======== EXERCISE MATERIALS

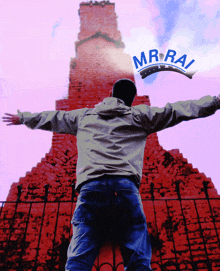 a man with his arms outstretched is standing in front of a brick building with the word mr.rai on the top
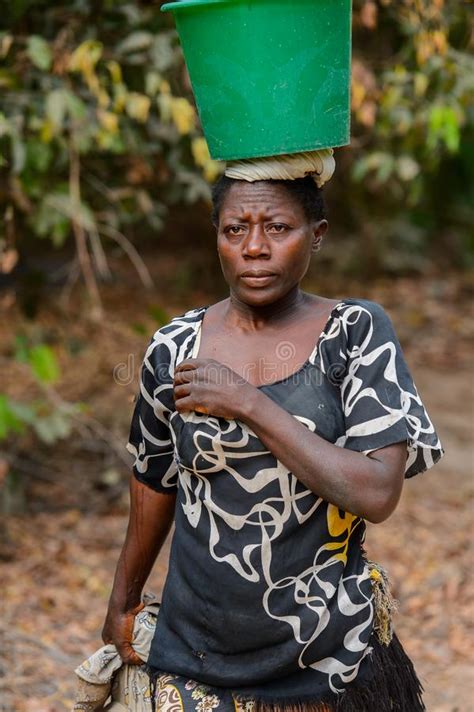 unidentified local woman carries a bucket on her head in a vill editorial stock image image of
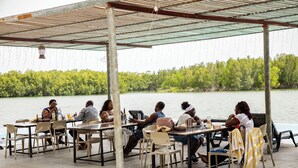 A covered outdoor dining area with tables and chairs, overlooking a body of water and a forested area.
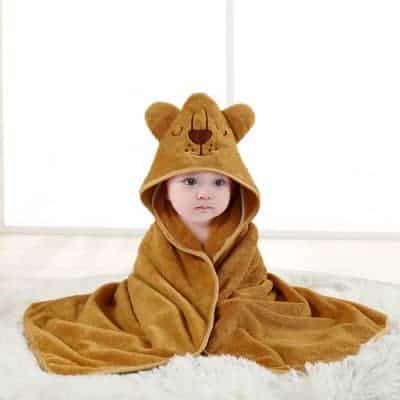 Adorable plush baby blanket with bear hood, perfect for comfort and warmth, available at Monalisa Medical Store. Ideal for baby gifts, sleepwear, and newborn essentials, combining comfort with cute design.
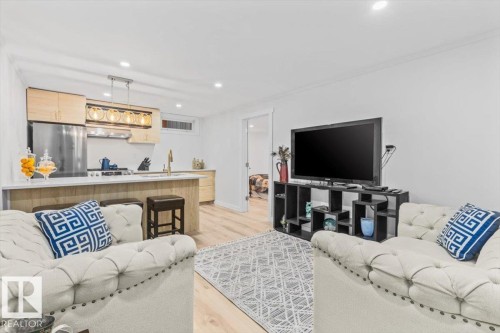 Open-concept living area featuring light wood-finish flooring and recessed lighting - 6720 29 Avenue, Edmonton, AB 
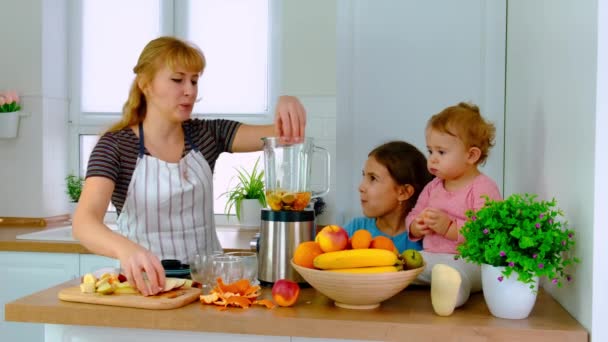 Die Familie bereitet Smoothies zu Hause zu. Selektiver Fokus. — Stockvideo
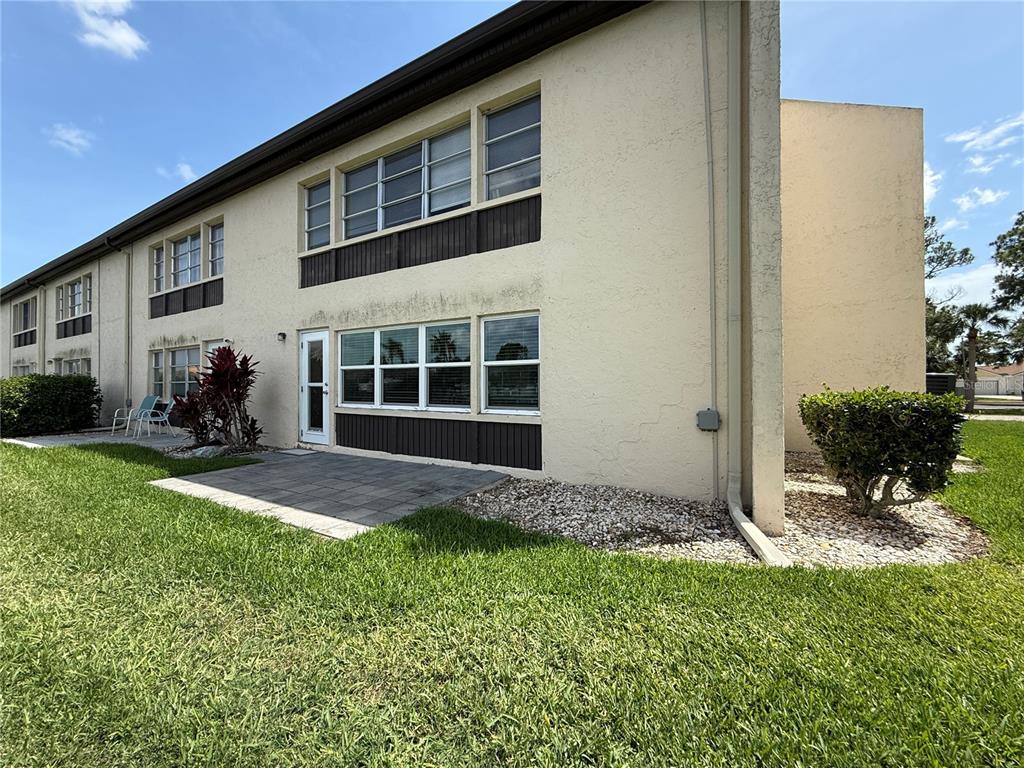 A two-story apartment building exterior with a paved patio and a grassy lawn — 4533 MARINE PARKWAY UNIT 101, NEW PORT RICHEY, FL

================

• TASK DIRECTIONS:
For the material above, give again only the lines starting at the line that contains "Adorable plush baby" and ending at the line that contains "Die Familie bereitet". Pictures do not belong in the copy.

• EXERCISE ANSWER:
 Adorable plush baby blanket with bear hood, perfect for comfort and warmth, available at Monalisa Medical Store. Ideal for baby gifts, sleepwear, and newborn essentials, combining comfort with cute design.
 Open-concept living area featuring light wood-finish flooring and recessed lighting - 6720 29 Avenue, Edmonton, AB 
 Die Familie bereitet Smoothies zu Hause zu. Selektiver Fokus. — Stockvideo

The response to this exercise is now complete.